WORK REQUEST — Search the listing below for the line containing "Sakkas Clementine Third". From there through the line containing "Resistor: wire-wound |", transcribe every line exactly, both ends included.

(SOURCE RECORDS begins)

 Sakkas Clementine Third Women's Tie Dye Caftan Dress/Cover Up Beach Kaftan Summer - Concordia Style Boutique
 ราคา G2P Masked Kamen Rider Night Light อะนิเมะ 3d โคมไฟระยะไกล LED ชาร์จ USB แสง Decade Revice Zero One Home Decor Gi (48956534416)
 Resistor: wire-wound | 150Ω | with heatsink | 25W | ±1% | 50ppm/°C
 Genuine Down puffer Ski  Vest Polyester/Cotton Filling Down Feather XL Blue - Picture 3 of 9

(SOURCE RECORDS ends)
(SOURCE RECORDS begins)

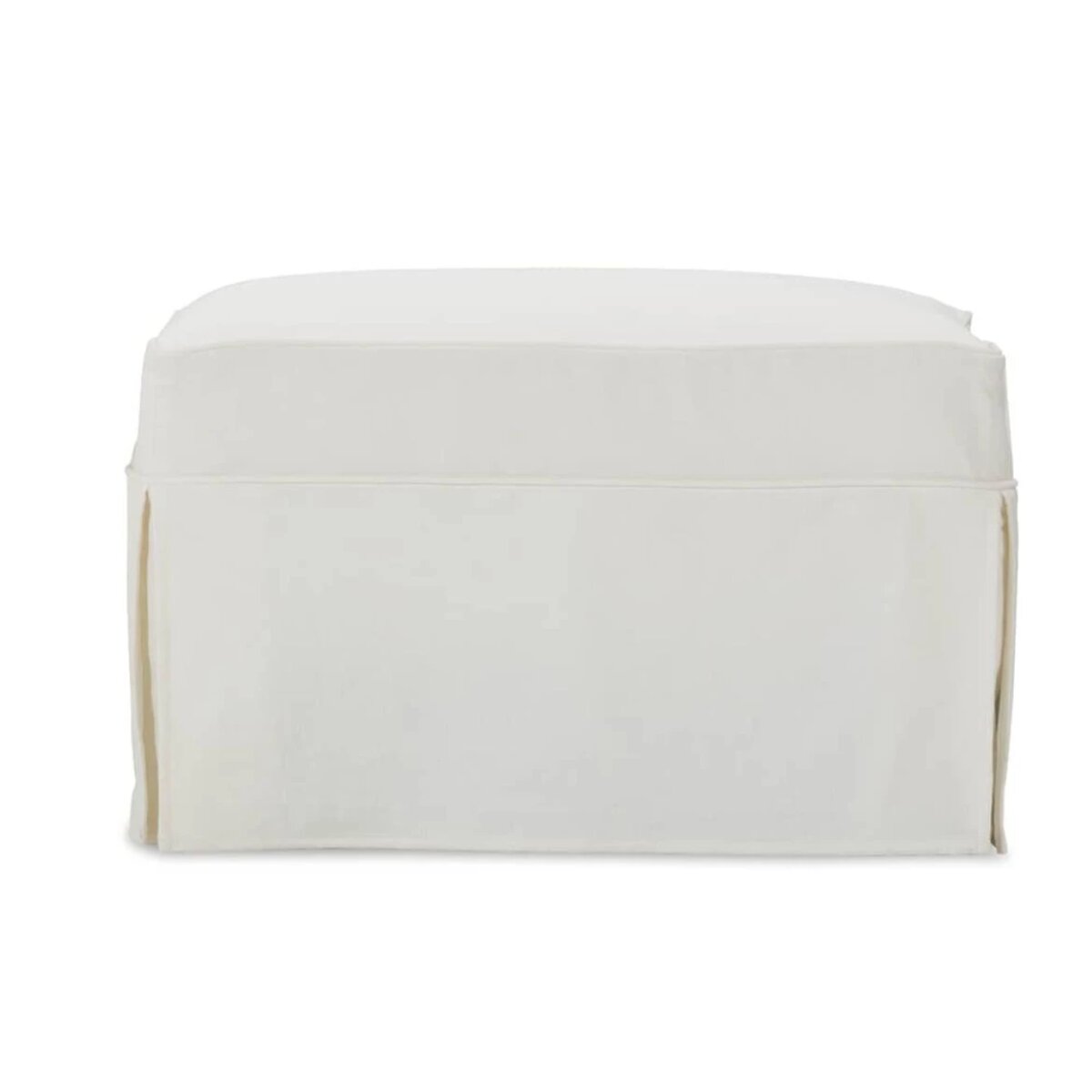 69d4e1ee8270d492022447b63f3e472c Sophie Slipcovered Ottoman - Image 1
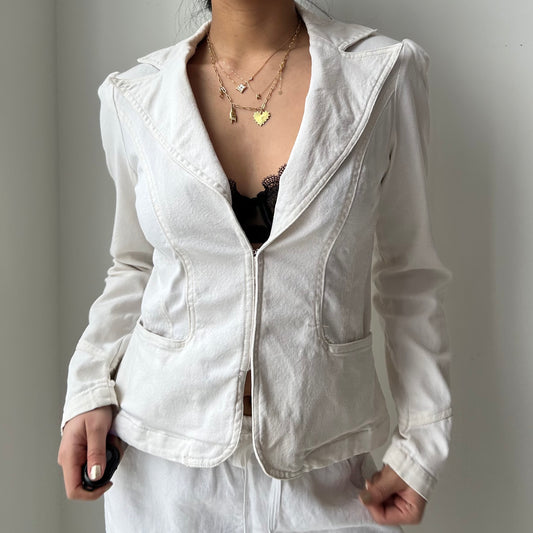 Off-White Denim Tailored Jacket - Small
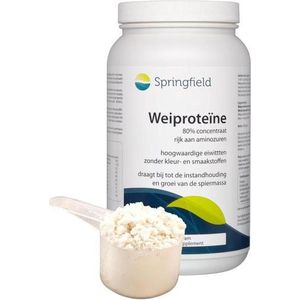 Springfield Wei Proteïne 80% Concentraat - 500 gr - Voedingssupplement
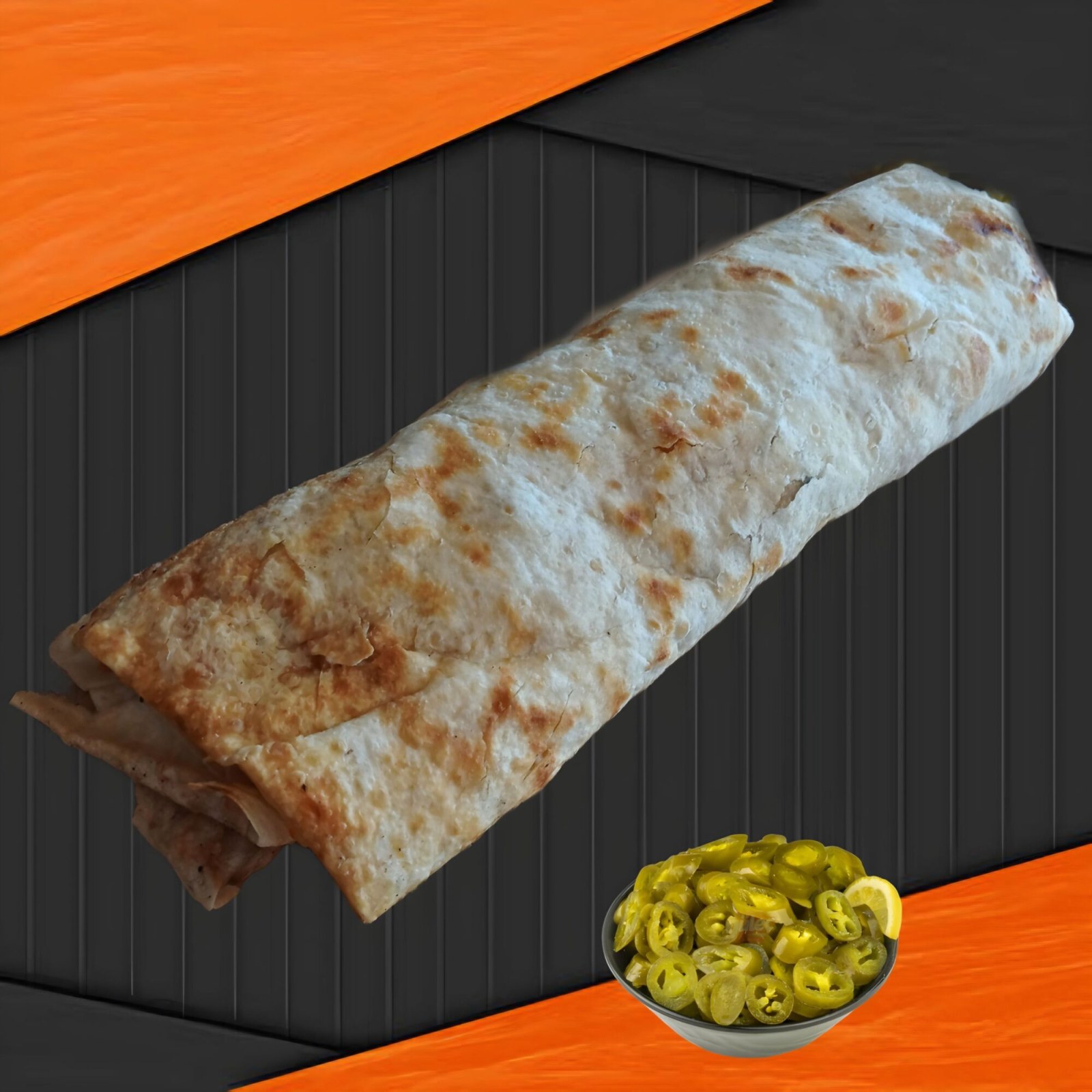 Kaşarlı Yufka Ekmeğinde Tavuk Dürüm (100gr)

(SOURCE RECORDS ends)
(SOURCE RECORDS begins)

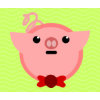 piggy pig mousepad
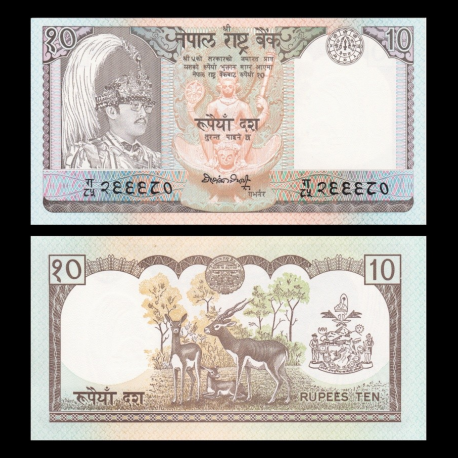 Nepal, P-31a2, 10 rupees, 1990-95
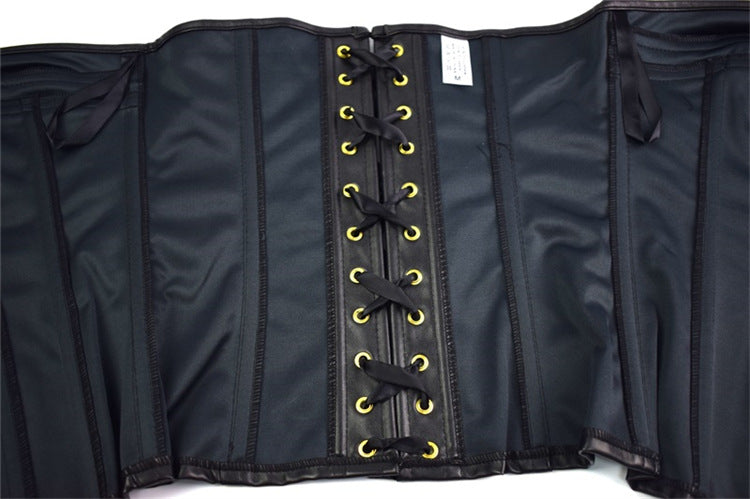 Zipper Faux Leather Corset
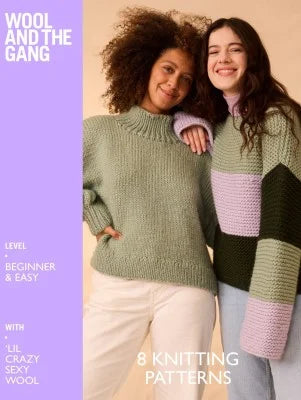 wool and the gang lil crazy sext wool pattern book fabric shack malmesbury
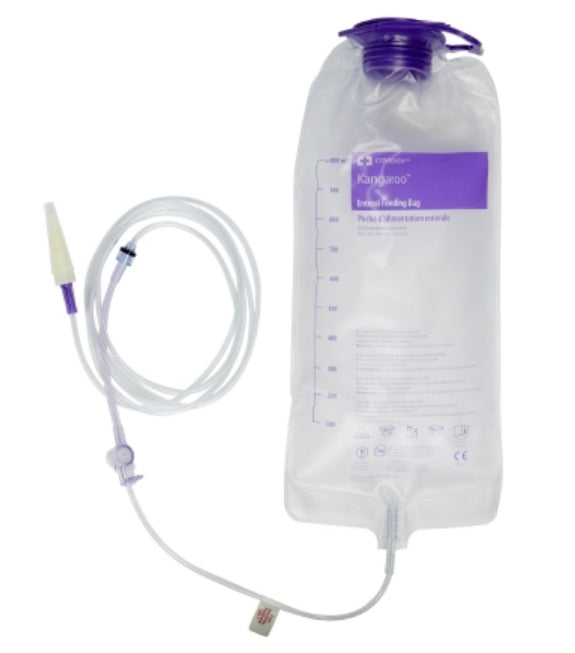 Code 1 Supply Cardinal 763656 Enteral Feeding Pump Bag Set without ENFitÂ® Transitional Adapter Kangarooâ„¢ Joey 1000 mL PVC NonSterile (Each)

(SOURCE RECORDS ends)

ANSWER TO THIS TASK —
 Sakkas Clementine Third Women's Tie Dye Caftan Dress/Cover Up Beach Kaftan Summer - Concordia Style Boutique
 ราคา G2P Masked Kamen Rider Night Light อะนิเมะ 3d โคมไฟระยะไกล LED ชาร์จ USB แสง Decade Revice Zero One Home Decor Gi (48956534416)
 Resistor: wire-wound | 150Ω | with heatsink | 25W | ±1% | 50ppm/°C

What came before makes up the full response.